The Criteria has a limited matching language that works both on the
SQL and on the PHP collection level. This means you can use collection matching
interchangeably, independent of in-memory or sql-backed collections.

.. code-block:: php

    <?php

    use Doctrine\Common\Collections;

    class Criteria
    {
        /**
         * @return Criteria
         */
        static public function create();
        /**
         * @param Expression $where
         * @return Criteria
         */
        public function where(Expression $where);
        /**
         * @param Expression $where
         * @return Criteria
         */
        public function andWhere(Expression $where);
        /**
         * @param Expression $where
         * @return Criteria
         */
        public function orWhere(Expression $where);
        /**
         * @param array $orderings
         * @return Criteria
         */
        public function orderBy(array $orderings);
        /**
         * @param int $firstResult
         * @return Criteria
         */
        public function setFirstResult($firstResult);
        /**
         * @param int $maxResults
         * @return Criteria
         */
        public function setMaxResults($maxResults);
        public function getOrderings();
        public function getWhereExpression();
        public function getFirstResult();
        public function getMaxResults();
    }

You can build expressions through the ExpressionBuilder. It has the following
methods:

* ``andX($arg1, $arg2, ...)``
* ``orX($arg1, $arg2, ...)``
* ``not($expression)``
* ``eq($field, $value)``
* ``gt($field, $value)``
* ``lt($field, $value)``
* ``lte($field, $value)``
* ``gte($field, $value)``
* ``neq($field, $value)``
* ``isNull($field)``
* ``in($field, array $values)``
* ``notIn($field, array $values)``
* ``contains($field, $value)``
* ``memberOf($value, $field)``
* ``startsWith($field, $value)``
* ``endsWith($field, $value)``


.. note::

    Depending on whether the collection has already been loaded from the
    database or not, criteria matching may happen at the database/SQL level
    or on objects in memory. This may lead to different results and come
    surprising, for example when a code change in one place leads to a collection
    becoming initialized and, as a side effect, returning a different result
    or even breaking a ``matching()`` call somewhere else. Also, collection
    initialization state in practical use cases may differ from the one covered
    in unit tests.

    Database level comparisons are based on scalar representations of the values
    stored in entity properties. The field names passed to expressions correspond
    to property names. Comparison and sorting may be affected by
    database-specific behavior. For example, MySQL enum types sort by index position,
    not lexicographically by value.

    In-memory handling is based on the ``Selectable`` API of `Doctrine Collections <https://www.doctrine-project.org/projects/doctrine-collections/en/stable/index.html#matching>`.
    In this case, field names passed to expressions are being used to derive accessor
    method names. Strict type comparisons are used for equal and not-equal checks,
    and generally PHP language rules are being used for other comparison operators
    or sorting.

    As a general guidance, for consistent results use the Criteria API with scalar
    values only. Note that ``DateTime`` and ``DateTimeImmutable`` are two predominant
    examples of value objects that are *not* scalars.
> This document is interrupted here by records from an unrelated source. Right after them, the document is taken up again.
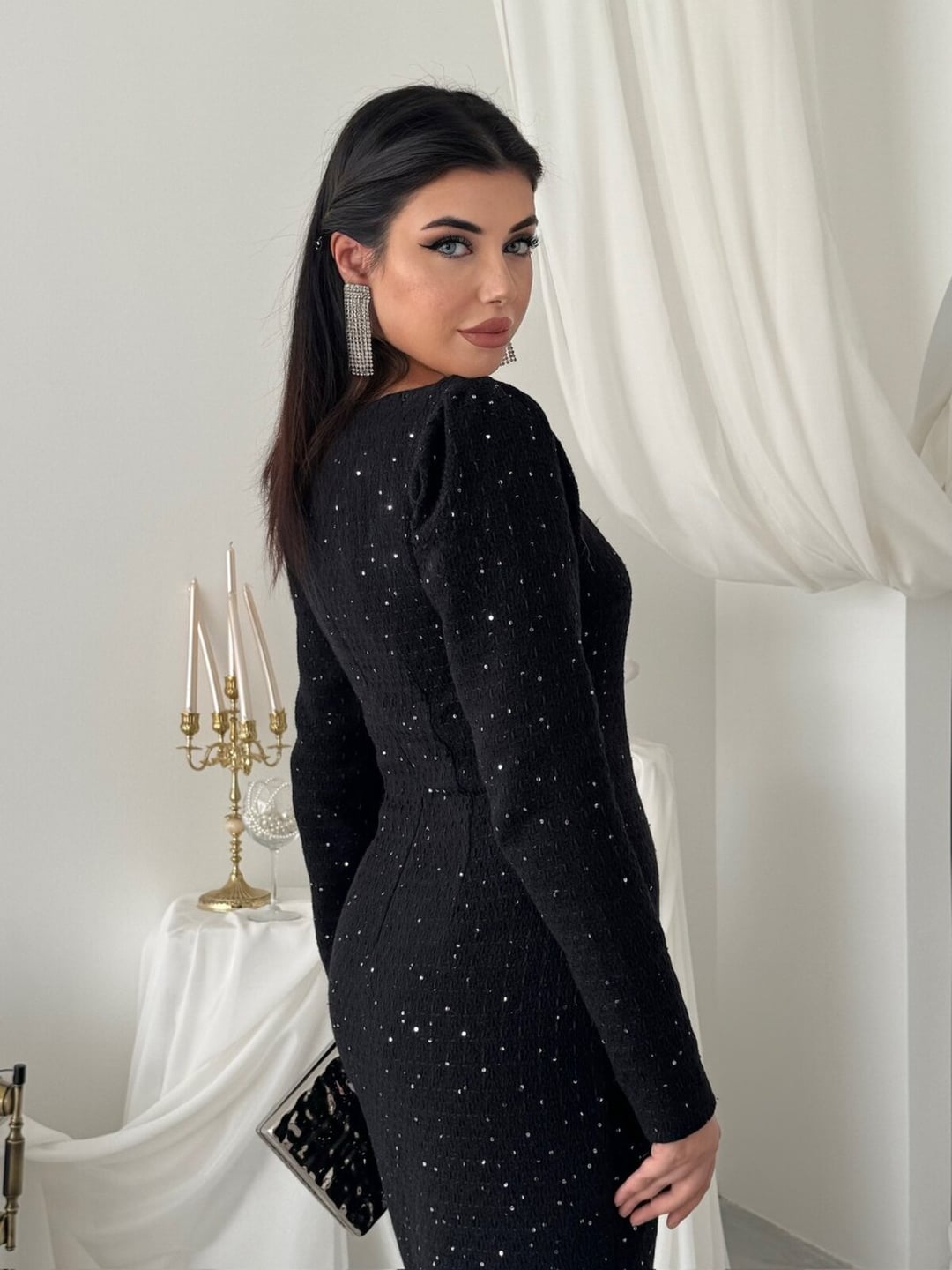 Junat Midi Dress ETK-01033 Black - Etika - by Peralane - photo 7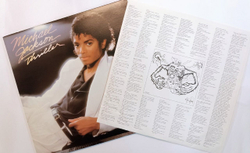 Винтажная виниловая пластинка Michael Jackson Thriller (USA 1982)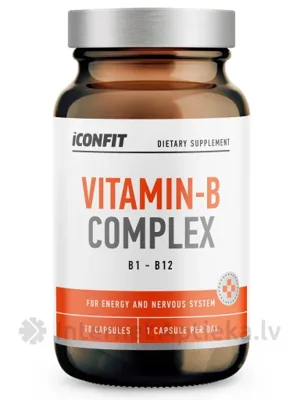 ICONFIT Vitamin B Complex kapsulas, 90 gab.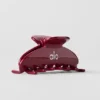 Spinka typu „claw clip” w stylu lat 90. – Summer Romance Red
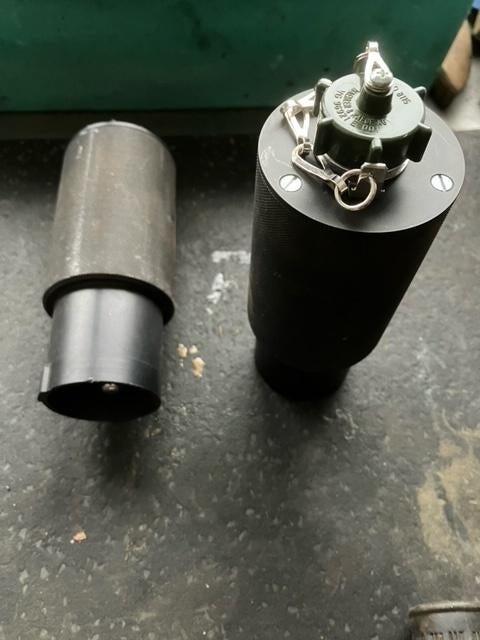 Connector startkabel tbv 24 V aansluiting oa Nekaf, Laro, YA, Verzamelen, Ophalen of Verzenden, Landmacht, Nederland, Overige typen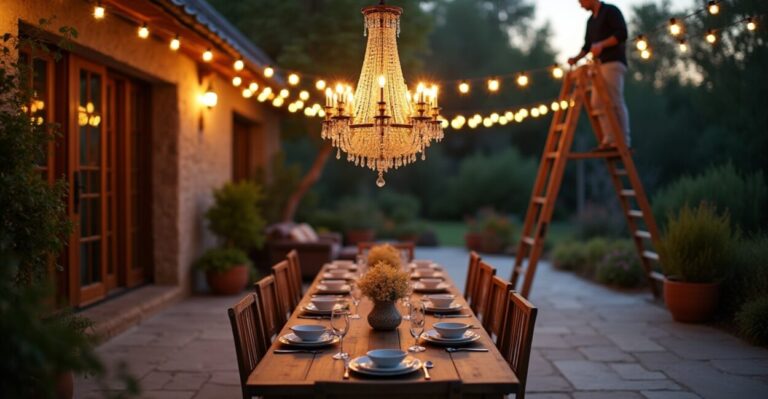 outdoor chandeliers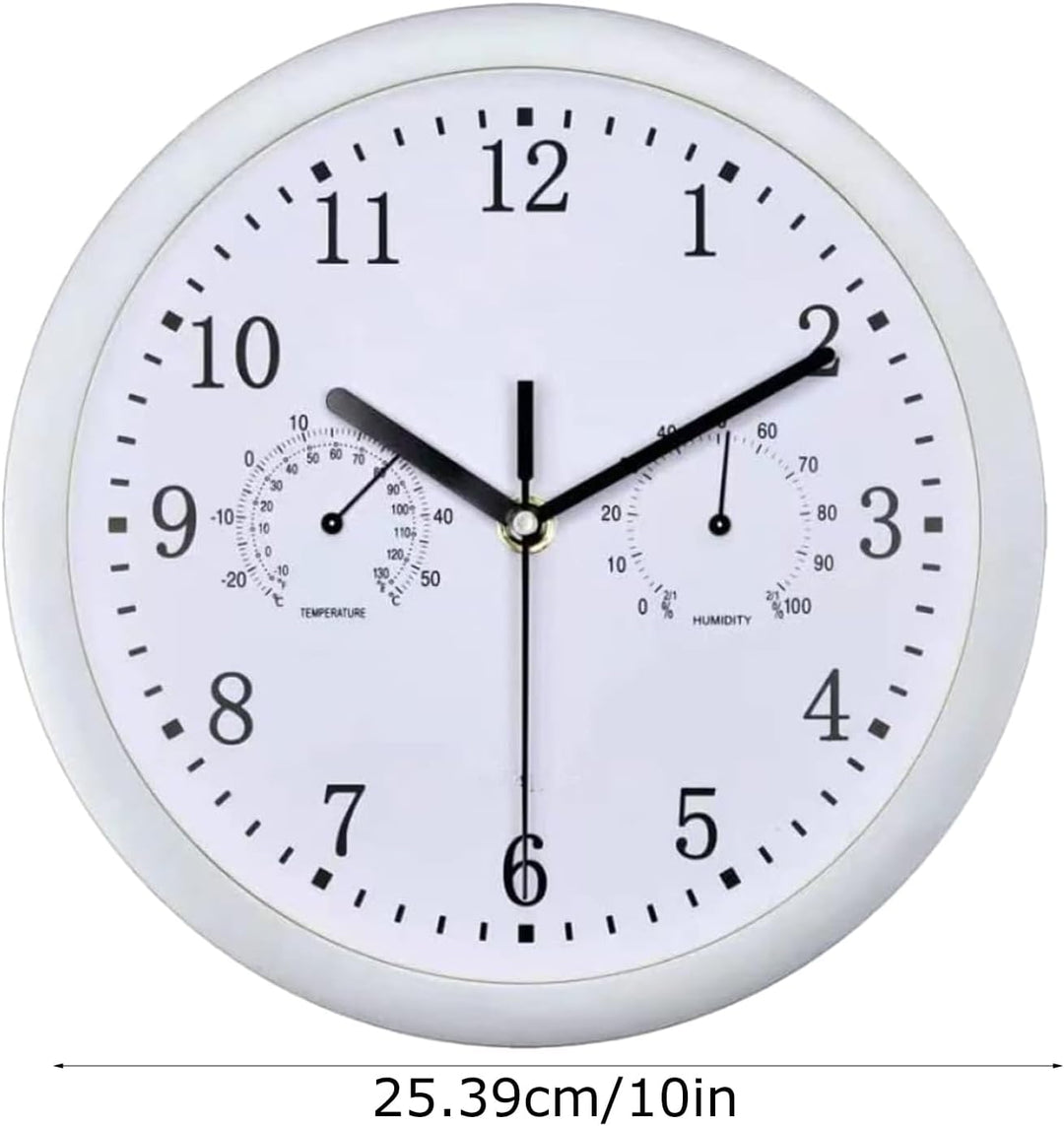 Generisch Aussenuhren Für Terrasse Garten | wasserdichte Gartenuhr Retro Design 25cm Durchmesser ABS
    Refrain from using special database-level column types or custom Doctrine Types
    that may lead to database-specific comparison or sorting rules being applied, or
    to database-level values being different from object field values.

    Provide accessor methods for all entity fields used in criteria expressions,
    and implement those methods in a way that their return value is the
    same as the database-level value.